The most recent rash of police violence against black men in this country has touched off a wave of violence against police. There is no excuse for violence in any case, but I have to say that I am particularly outraged by the police. Dealing with difficult situations is their job. I am not saying that it is an easy job, but that is what they signed up for when joining the police force and taking an oath to serve and protect. Mind you, if it was not for cell phones we would not even know about these situations. It is only recently that every citizen has a device to keep an eye on the police who were supposed to be keeping an eye on us. Its makes you think about how deep the history of violence has been beyond the people killed by police this year.
And for us as a society not admitting that there are profound and deep issues around race in this country makes fixing these problems intractable.
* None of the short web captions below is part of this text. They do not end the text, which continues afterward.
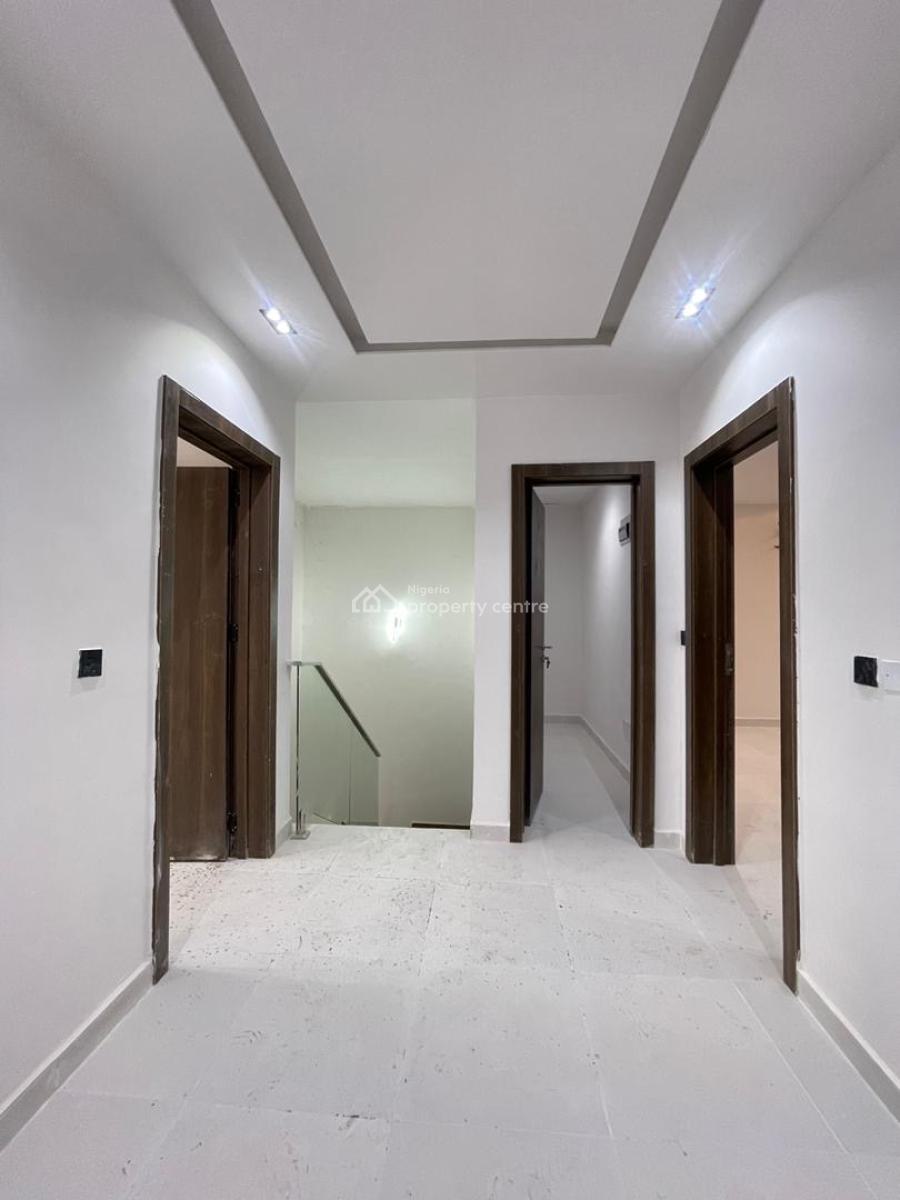 4 Bedroom Luxury Terrace, Lekki Phase 1, Lekki, Lagos, Terraced Duplex for Sale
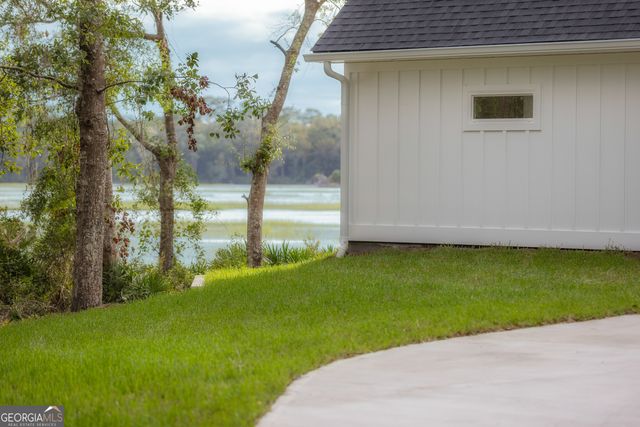 87 Lighthouse Way, Woodbine, GA 31569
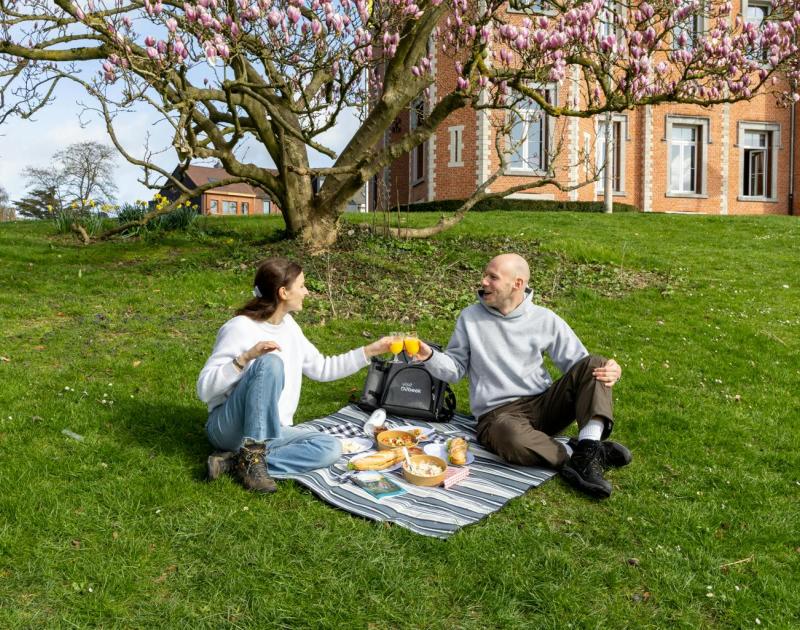Picknicken in Dilbeek met de picknickrugzak © Visit Dilbeek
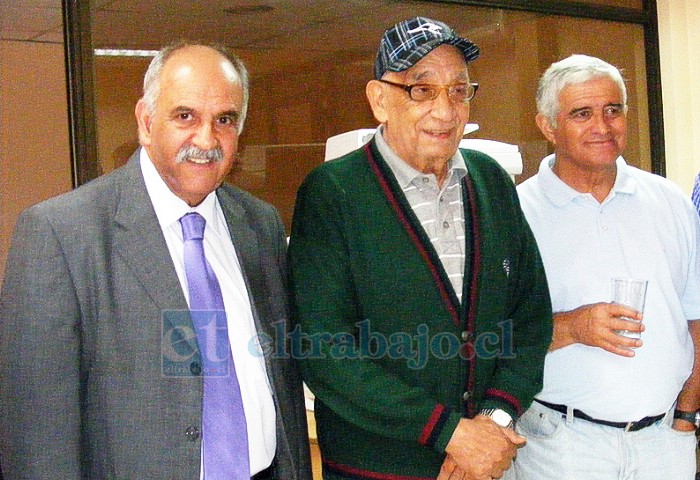 En uno de nuestros tantos aniversarios, de izquierda a derecha el exalcalde Jaime Amar, Miguel Ricardo Juri, tercer director de nuestro diario, y el entonces concejal Dante Rodríguez.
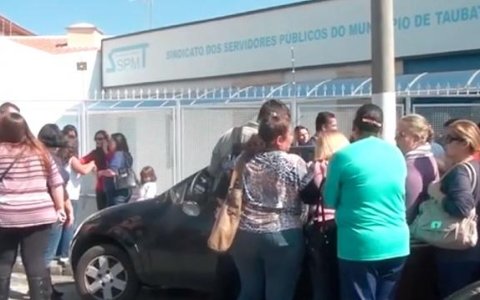 Professores municipais fazem manifestação na porta do sindicato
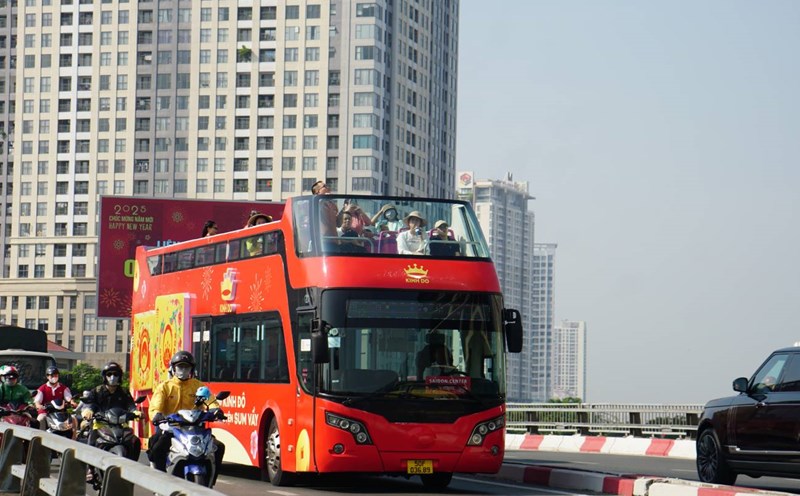 The double-decker bus tour attracts a large number of locals and tourists. Photo: Thanh Chan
Confronting or avoiding the history of racism in this country seems to be played out in the tired volley between “Black Lives Matter” and “All Lives Matter”. You do not need to be against police to want to see them do their jobs and ensure that black men are not targeted.
I was reminded of these dueling slogans when reading Korach, this week’s Torah portion. There we read:
Now Korach, the son of Izhar, the son of Kohath, the son of Levi, with Dathan and Abiram, the sons of Eliab, and On, the son of Peleth, sons of Reuben, took men; and they rose up in face of Moshe, with certain of the children of Israel, two hundred and fifty men; they were princes of the congregation, the elect men of the assembly, men of renown; and they assembled themselves together against Moshe and against Aaron, and said unto them: ‘You take too much upon you, seeing all the congregation are holy, every one of them, and the Lord is among them; wherefore then lift ye up yourselves above the assembly of the Lord?’ ( Numbers 16:1-3)
What does it mean when Korach says,”all the congregation are holy”? On this Rashi quotes Midrash Tanchuma to say that, “All of them heard [the] words [of the commandments] at Sinai from the mouth of the Almighty.” On the surface Korach is arguing that everyone should share power because they are all equal. While his words are noble, his actions are not. In reality he shows up with his posse to demand power for himself.
Like Korach, when people say “All Lives Matter” their language of equality is but a thin vale. While Korach was trying to get power for himself, people who say “All Lives Matter” are trying to preserve a racist status quo and keep power for themselves. If that was not the case the “All Lives Matter Movement” would be leading the protests against the police. Were not Alton Sterling and Philando Castile also people? Did their lives not matter?
So lets just say “Black Lives Matter”. It does not mean that their lives are the only things that matter, but it gives voice to the fact that we need to change our racist system. I do believe that words matter too, but in the end we will be judged on our actions. I am afraid that if we do not deal with these issues the violence will swallow us whole.